------ Dataset extract

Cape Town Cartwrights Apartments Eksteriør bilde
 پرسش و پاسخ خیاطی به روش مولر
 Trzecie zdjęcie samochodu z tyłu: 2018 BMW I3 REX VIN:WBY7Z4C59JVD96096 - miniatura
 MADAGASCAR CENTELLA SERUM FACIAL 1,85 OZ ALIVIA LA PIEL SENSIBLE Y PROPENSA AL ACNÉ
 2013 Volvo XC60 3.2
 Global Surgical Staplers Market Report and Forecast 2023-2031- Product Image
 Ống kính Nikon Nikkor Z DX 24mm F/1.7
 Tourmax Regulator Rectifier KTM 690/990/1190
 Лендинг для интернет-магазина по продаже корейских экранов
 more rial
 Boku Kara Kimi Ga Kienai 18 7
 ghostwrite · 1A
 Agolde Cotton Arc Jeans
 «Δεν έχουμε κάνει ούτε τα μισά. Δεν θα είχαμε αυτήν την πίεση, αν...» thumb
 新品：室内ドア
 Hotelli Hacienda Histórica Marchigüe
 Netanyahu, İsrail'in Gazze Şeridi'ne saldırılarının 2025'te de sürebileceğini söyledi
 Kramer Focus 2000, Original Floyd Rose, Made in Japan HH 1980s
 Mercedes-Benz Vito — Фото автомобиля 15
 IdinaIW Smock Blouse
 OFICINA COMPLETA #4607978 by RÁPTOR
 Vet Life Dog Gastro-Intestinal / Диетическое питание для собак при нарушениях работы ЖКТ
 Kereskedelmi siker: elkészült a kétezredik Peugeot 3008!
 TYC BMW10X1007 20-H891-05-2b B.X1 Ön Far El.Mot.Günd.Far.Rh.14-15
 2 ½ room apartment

------------

Problem description
From the first line to the last, restate the data above exactly.

Exercise response
Cape Town Cartwrights Apartments Eksteriør bilde
 پرسش و پاسخ خیاطی به روش مولر
 Trzecie zdjęcie samochodu z tyłu: 2018 BMW I3 REX VIN:WBY7Z4C59JVD96096 - miniatura
 MADAGASCAR CENTELLA SERUM FACIAL 1,85 OZ ALIVIA LA PIEL SENSIBLE Y PROPENSA AL ACNÉ
 2013 Volvo XC60 3.2
 Global Surgical Staplers Market Report and Forecast 2023-2031- Product Image
 Ống kính Nikon Nikkor Z DX 24mm F/1.7
 Tourmax Regulator Rectifier KTM 690/990/1190
 Лендинг для интернет-магазина по продаже корейских экранов
 more rial
 Boku Kara Kimi Ga Kienai 18 7
 ghostwrite · 1A
 Agolde Cotton Arc Jeans
 «Δεν έχουμε κάνει ούτε τα μισά. Δεν θα είχαμε αυτήν την πίεση, αν...» thumb
 新品：室内ドア
 Hotelli Hacienda Histórica Marchigüe
 Netanyahu, İsrail'in Gazze Şeridi'ne saldırılarının 2025'te de sürebileceğini söyledi
 Kramer Focus 2000, Original Floyd Rose, Made in Japan HH 1980s
 Mercedes-Benz Vito — Фото автомобиля 15
 IdinaIW Smock Blouse
 OFICINA COMPLETA #4607978 by RÁPTOR
 Vet Life Dog Gastro-Intestinal / Диетическое питание для собак при нарушениях работы ЖКТ
 Kereskedelmi siker: elkészült a kétezredik Peugeot 3008!
 TYC BMW10X1007 20-H891-05-2b B.X1 Ön Far El.Mot.Günd.Far.Rh.14-15
 2 ½ room apartment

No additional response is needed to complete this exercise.